BMW, the well-known German auto manufacturer, has seen its profits plunge by nearly a third in the second quarter. This dramatic fall is linked directly to a sharp hike in US tariffs on European cars and car parts, a measure pushed by the US government to bolster its own bourgeois interests under the guise of “America First.” At the same time, BMW faces headwinds in China, where the market is fiercely competitive and other capitalist enterprises are slashing prices. Overall, BMW's revenue fell more than 8 percent, and their key automotive margin has also shrunk considerably. While some hope remains that future negotiations may cut tariffs on US-to-Europe car exports, these minor concessions cannot undo the blows dealt by aggressive protectionist policies and the chaotic disorder inherent in capitalist rivalry. Despite all this turbulence, BMW clings to capitalist optimism, betting on new models, supposed “resilience,” and relentless cost-cutting to weather the storm.
This entire episode, full of figures and statements from company executives, offers a textbook case of the failures and contradictions of the global capitalist system. When the parasites of monopoly capital fight over profits, the working masses become pawns in their endless struggle for supremacy. Whether it is the US bourgeoisie ratcheting up tariffs to protect their own industrial cronies, or German auto capital fighting to maintain its markets abroad, the real cost is always borne by the masses: workers face layoff threats, and the instability of global capitalism brings insecurity to millions.

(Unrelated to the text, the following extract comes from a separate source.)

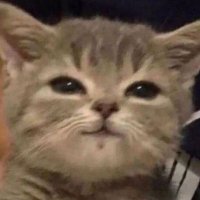 Réa (@decrainxii) 's Twitter Profile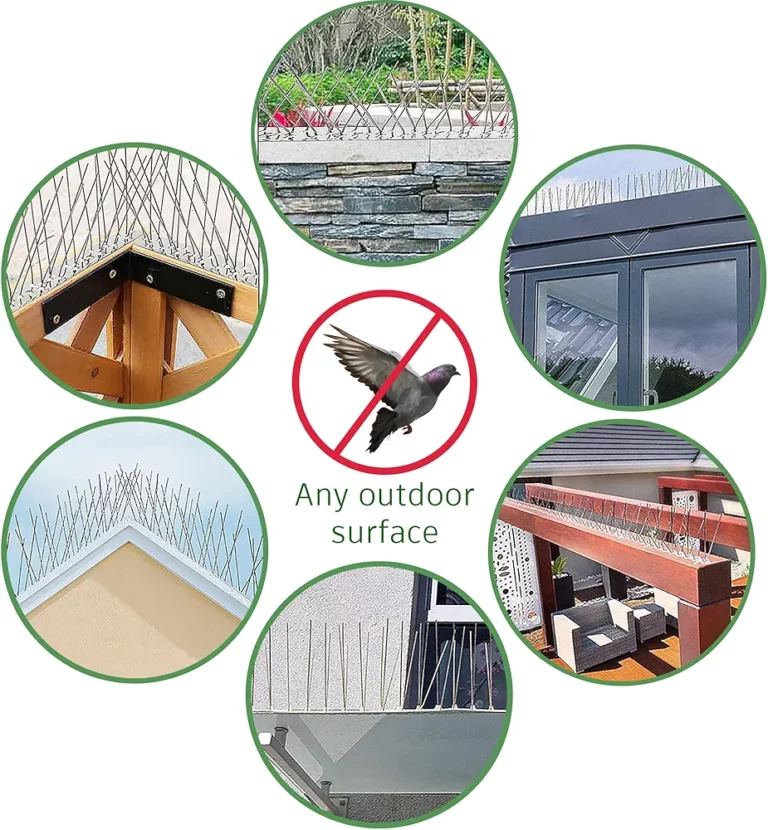 819MS9eEUDL. AC UF10001000 QL80 FMwebp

These so-called “trade wars” are not wars of liberation or progress, but of naked profit, driven by a system where competition means suffering for workers and waste on a planetary scale. BMW’s “efficiency” and “cost optimization” are euphemisms for pressuring workers, squeezing wages, and extracting every drop of surplus value from labor. Behind the sterile numbers lies the reality: every margin gained is a margin stolen from the people who create society’s wealth.

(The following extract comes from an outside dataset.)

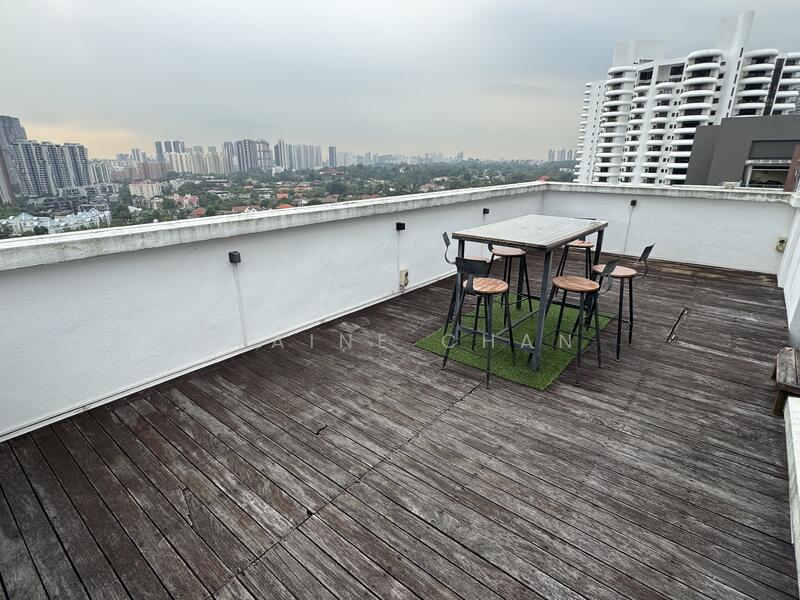 Roof terrace ( upper level)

Yet the arrogance of these imperialist firms knows no bounds. They trumpet “resilience” not of the working people, but of their profit machinery. They plan to flood the world with new models and continue their expansion, heedless of ecological consequences, and insatiable in their hunger for market share. The fact that BMW can still avoid layoffs—while its rivals resort to them—is a temporary comfort that changes nothing fundamental. As the crisis deepens, as competition sharpens and capitalist contradictions sharpen, the sword always hovers over the heads of the workers.
We must never forget: so long as the means of production remain the property of a tiny capitalist elite—whether in Berlin or Detroit or Seoul—the peoples of the world will face further exploitation and insecurity. Mao Zedong taught us that only by smashing the old world and building a new socialist society in its place can we secure the liberation of the working class and an economy in service to the majority. Let these crises be a lesson: capitalism will always produce instability, arrogance of monopoly, and suffering for the people, until it is swept away by the people themselves!